[Collection entries]
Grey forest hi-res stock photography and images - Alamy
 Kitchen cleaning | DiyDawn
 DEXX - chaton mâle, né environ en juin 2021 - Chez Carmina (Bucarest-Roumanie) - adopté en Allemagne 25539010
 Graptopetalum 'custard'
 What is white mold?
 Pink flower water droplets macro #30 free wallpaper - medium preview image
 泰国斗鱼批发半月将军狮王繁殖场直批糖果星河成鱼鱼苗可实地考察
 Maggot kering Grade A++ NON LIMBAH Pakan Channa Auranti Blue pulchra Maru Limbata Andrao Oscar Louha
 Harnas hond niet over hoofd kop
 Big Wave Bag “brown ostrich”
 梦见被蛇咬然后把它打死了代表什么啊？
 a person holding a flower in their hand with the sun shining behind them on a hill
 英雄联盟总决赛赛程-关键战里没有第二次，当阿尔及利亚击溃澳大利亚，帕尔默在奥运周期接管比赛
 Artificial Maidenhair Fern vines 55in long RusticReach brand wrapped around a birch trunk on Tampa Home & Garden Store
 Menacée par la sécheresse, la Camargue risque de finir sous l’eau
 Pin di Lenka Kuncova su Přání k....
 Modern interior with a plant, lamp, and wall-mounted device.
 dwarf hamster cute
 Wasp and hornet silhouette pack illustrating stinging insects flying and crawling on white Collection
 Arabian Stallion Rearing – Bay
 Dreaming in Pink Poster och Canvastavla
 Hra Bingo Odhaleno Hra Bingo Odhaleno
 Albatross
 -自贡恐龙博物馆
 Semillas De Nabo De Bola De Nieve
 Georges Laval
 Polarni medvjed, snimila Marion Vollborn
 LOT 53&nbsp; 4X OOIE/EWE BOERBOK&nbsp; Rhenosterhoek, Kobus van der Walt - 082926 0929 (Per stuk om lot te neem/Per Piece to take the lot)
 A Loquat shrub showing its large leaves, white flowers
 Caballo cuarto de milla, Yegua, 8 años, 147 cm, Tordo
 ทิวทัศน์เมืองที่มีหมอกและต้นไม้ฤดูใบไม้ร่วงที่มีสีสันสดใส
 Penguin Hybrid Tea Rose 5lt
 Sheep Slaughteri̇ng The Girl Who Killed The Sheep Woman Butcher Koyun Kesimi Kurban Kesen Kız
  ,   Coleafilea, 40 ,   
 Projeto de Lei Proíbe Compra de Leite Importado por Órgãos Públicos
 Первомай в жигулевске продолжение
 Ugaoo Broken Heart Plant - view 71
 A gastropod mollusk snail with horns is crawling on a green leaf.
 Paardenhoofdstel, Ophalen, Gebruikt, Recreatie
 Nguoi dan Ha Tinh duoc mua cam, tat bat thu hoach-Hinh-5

INSTRUCTIONS TO FOLLOW →
Every line above with the string "Pink" in it needs to be copied.

COMPLETED EXERCISE →
 Pink flower water droplets macro #30 free wallpaper - medium preview image
 Dreaming in Pink Poster och Canvastavla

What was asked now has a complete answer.